1. Wei Te-sheng was born on 16 August 1969 and is a Taiwanese film director and screenwriter.

1. Wei Te-sheng was born on 16 August 1969 and is a Taiwanese film director and screenwriter.
Wei Te-sheng directed Cape No 7, currently the highest grossing domestic Taiwanese film and the second highest-grossing film in Taiwanese film history.
Wei Te-sheng's family ran a clockmaker's shop and attended a Presbyterian church.
The first Hollywood film Wei Te-sheng watched was Sergio Leone's Once Upon a Time in America while Wei Te-sheng was doing his military service.
Wei Te-sheng studied Electrical Engineering in Far Eastern Vocational School in Tainan.
In 1993 or 1994 when Wei Te-sheng was 26, he entered the studio of director Edward Yang as a grip assistant.
Later Wei Te-sheng worked odd jobs to fund his own short films, including Three Dialogues and Before Dawn, which both won a Golden Harvest Award.
Wei Te-sheng told me to use my own life experience and not copy anybody.
On this film Wei Te-sheng worked as an assistant director and worked with producer Jimmy Huang.
Since 1996, Wei Te-sheng had been trying to make the war epic Seediq Bale, but he could not raise the funds.
In July 2004, Wei Te-sheng read about a Yunlin postman who successfully delivered a piece of mail addressed in the old Japanese style.
Wei Te-sheng decided to make the film, Cape No 7, based on this story, in the hopes of financing Seediq Bale.
Wei Te-sheng finished the script by the end of 2006, and filmed it in the fall of 2007 in the Hengchun Peninsula of Pingtung County.
Wei Te-sheng later said this film's zealous reception should help him manage his debts.
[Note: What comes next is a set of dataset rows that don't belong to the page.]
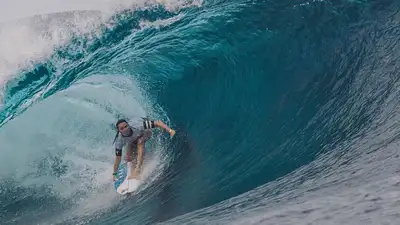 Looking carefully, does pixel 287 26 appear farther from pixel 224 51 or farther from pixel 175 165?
pixel 175 165

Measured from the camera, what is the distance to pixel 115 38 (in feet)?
46.0

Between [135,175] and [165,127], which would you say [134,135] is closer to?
[165,127]

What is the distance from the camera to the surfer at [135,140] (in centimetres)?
928

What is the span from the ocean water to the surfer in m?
0.50

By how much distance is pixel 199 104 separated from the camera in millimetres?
11195

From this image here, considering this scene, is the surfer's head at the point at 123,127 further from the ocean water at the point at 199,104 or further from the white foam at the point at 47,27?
the white foam at the point at 47,27

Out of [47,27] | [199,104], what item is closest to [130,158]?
[199,104]

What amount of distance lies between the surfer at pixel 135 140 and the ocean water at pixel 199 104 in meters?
0.50

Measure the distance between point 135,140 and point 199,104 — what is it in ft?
7.30

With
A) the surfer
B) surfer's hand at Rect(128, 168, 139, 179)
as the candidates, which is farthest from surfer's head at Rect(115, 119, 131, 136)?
surfer's hand at Rect(128, 168, 139, 179)

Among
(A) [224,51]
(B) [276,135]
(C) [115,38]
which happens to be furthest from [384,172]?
(C) [115,38]

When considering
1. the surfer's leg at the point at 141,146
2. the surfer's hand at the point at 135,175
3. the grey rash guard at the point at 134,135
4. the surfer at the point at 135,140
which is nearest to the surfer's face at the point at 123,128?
the surfer at the point at 135,140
Wei Te-sheng believed "that the films that hit the screens before the end of summer vacation in 2007 were all 'safe bets'", because they avoided competition from Hollywood blockbusters.
Wei Te-sheng followed this theory when he released Cape No 7 in 2008.
Seediq Bale was released in 2011, but Wei Te-sheng began to work on the film much earlier.
Wei Te-sheng began to study history relevant to the aborigines and decided to make a film about chief Mona Rudao.
In late 2003, Wei Te-sheng raised NTD 2.5 million and shot a five-minute demonstration film in order to further raise NTD 300 million to shoot the complete film.
The fundraising failed, and director Chen Kuo-fu advised Wei Te-sheng to make another film to win the trust of investors, so Wei Te-sheng turned his attention to make Cape No 7.
Wei Te-sheng said this made him nervous and grouchy, and he had to rely on the patience of the family and employees.